The Rebel Doc Who Stole Her Heart
Ty followed Michelle’s gaze as she glanced at the older couple walking in their direction on the sidewalk in front of her condo. Their faces showed interest in what was happening between him and Michelle.
She turned back to him and hissed, “Come in. I don’t want to have this conversation in front of my neighbors.”
Stepping back, she allowed him to enter, followed and then closed the door behind her. Ty continued on into the kitchen, setting the boxes down on the closest counter. He turned to find Michelle standing behind him in what could only be described as a warrior’s stance.
“When were you going to tell me?” she demanded, her look boring into his.
“Tell you what?”
“That you were offered a job at the hospital,” she all but shouted at him.
“I didn’t think it mattered. You knew I planned to leave. I’ve tried a number of times to discuss it with you but you didn’t want to talk about it.”
She had the good grace to look away. “So when do you plan to call ahead for a coffee-maker, pack up your boxes and get on your bike?”
“Day after tomorrow.”
She gasped, her face going pale. Her next words came out in a strangled voice. “That soon.”
“Yeah.” The word drifted off as if he hated to say it. His heart constricted in agony. He was hurting her. Just as he’d hoped he wouldn’t do. He hadn’t expected the depth of pain he’d feel knowing he had to leave her.
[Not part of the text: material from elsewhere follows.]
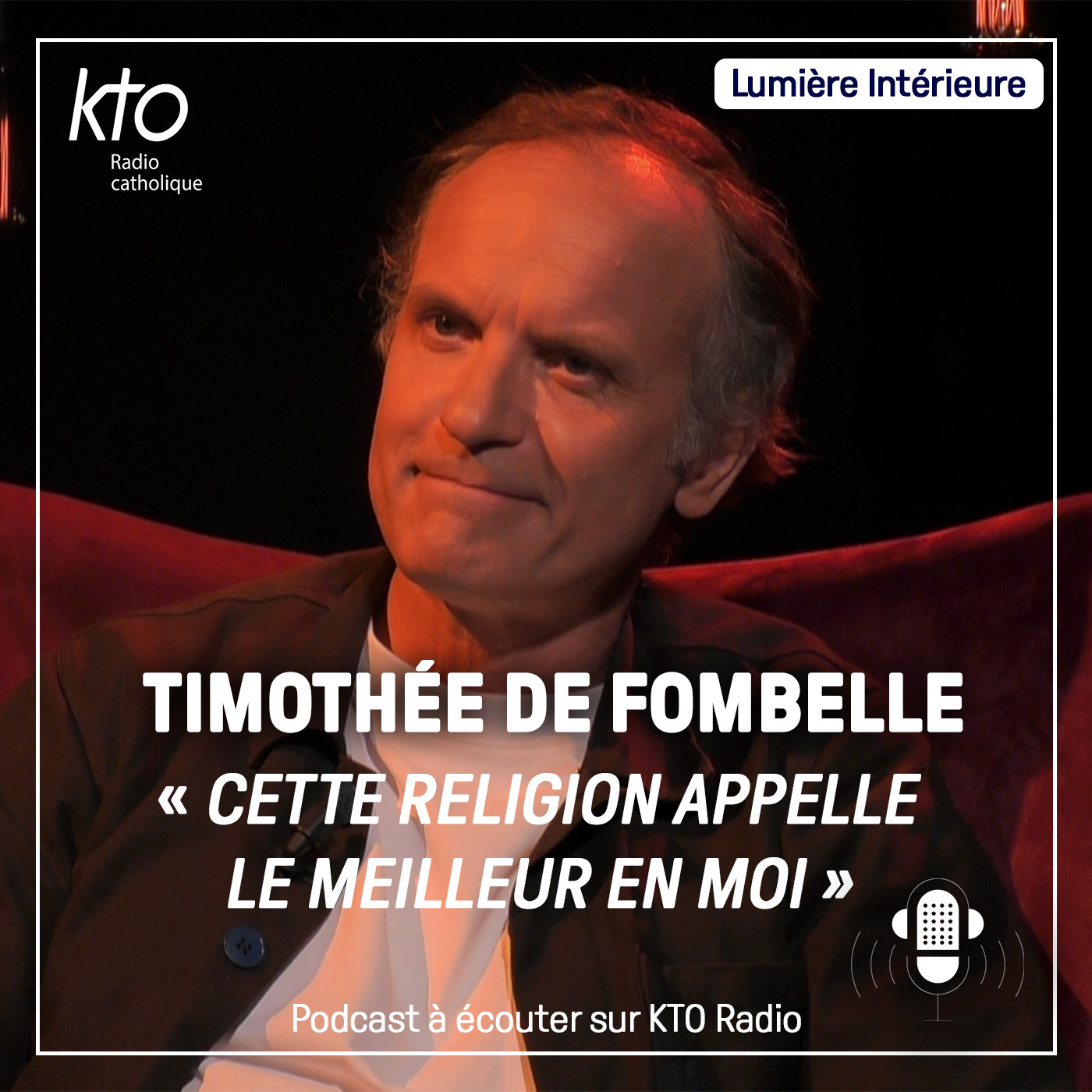 Timothée de Fombelle « Cette religion appelle le meilleur en moi » episode artwork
That she wouldn’t be a part of his life but he couldn’t stay. That was for her sake. He was no good for anyone.
She stood back and studied him. “You are more like your parents than you think.” There was a note of censure in her voice.
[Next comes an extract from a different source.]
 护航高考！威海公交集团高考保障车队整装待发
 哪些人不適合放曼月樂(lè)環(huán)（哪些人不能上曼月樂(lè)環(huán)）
“I’m nothing like them,” he said sharply.
“Think about it, Ty. You don’t stay in one place. You’re always running. You don’t even really own anything.”
“Don’t you get it? If I stayed I’d end up failing you. I found that out a long time ago. I’d let you down. I did that once and I refuse to let it happen again.”
“How do you know? You’ve never stayed in one place long enough to see what you’re capable of. You won’t know until you try.”
“I know,” he said, with a surety as immovable as the Appalachian Mountains as he backed away from her.
She shook her head sadly. “You carry so much guilt over Joey. You were a kid. You couldn’t have done more for him.”
He made an aggressive step in Michelle’s direction and bared his teeth as he spat the words. “I could have made my parents take him to a doctor. The hospital. I could have taken him myself. I could have asked someone for help.” He bit the ugly words out. “You don’t know anything about me. What makes you think I wouldn’t let the same thing happen to you?” He pointed his finger at her. “I’m not good enough for you.”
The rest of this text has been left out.